[Scraped caption text data]
___

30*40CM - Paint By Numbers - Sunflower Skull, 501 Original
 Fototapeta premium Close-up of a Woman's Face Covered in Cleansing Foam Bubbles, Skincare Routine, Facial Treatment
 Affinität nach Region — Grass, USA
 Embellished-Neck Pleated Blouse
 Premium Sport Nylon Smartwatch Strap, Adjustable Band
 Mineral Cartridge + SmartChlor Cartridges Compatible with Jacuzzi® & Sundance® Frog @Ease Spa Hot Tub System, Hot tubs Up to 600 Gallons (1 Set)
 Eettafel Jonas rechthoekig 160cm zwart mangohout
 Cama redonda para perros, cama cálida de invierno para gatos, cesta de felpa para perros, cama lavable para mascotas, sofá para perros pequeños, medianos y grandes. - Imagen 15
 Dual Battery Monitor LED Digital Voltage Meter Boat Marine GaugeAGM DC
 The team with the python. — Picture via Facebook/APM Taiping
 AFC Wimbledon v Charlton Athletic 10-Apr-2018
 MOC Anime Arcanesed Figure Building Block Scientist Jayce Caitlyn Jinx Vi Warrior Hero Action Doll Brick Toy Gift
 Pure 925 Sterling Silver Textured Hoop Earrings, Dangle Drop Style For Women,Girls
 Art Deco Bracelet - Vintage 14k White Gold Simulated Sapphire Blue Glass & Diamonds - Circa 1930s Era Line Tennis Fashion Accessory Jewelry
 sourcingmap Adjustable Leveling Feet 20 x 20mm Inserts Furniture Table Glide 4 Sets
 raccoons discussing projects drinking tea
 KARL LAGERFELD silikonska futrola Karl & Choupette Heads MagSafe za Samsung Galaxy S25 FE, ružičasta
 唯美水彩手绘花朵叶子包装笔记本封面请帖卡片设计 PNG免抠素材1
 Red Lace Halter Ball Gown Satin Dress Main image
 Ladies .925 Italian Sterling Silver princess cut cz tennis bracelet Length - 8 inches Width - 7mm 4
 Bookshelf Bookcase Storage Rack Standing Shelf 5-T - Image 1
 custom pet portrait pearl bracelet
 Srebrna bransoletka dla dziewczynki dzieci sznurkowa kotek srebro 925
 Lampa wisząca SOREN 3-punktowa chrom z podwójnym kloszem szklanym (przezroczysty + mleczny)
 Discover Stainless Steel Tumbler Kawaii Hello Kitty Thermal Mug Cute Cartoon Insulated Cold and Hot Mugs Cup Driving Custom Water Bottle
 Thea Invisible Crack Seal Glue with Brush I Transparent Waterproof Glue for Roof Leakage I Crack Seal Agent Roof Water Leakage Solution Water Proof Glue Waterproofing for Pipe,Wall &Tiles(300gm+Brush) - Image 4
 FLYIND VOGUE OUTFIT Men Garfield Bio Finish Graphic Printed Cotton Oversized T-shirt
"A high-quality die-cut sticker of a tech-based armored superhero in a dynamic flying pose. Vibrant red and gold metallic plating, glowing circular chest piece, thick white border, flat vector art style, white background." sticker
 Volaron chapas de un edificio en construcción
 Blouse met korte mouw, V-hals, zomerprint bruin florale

___

● REQUIREMENT
Every line that contains the string "Sterling" should be copied from the entries.

● THE COMPLETED TASK
 Pure 925 Sterling Silver Textured Hoop Earrings, Dangle Drop Style For Women,Girls
 Ladies .925 Italian Sterling Silver princess cut cz tennis bracelet Length - 8 inches Width - 7mm 4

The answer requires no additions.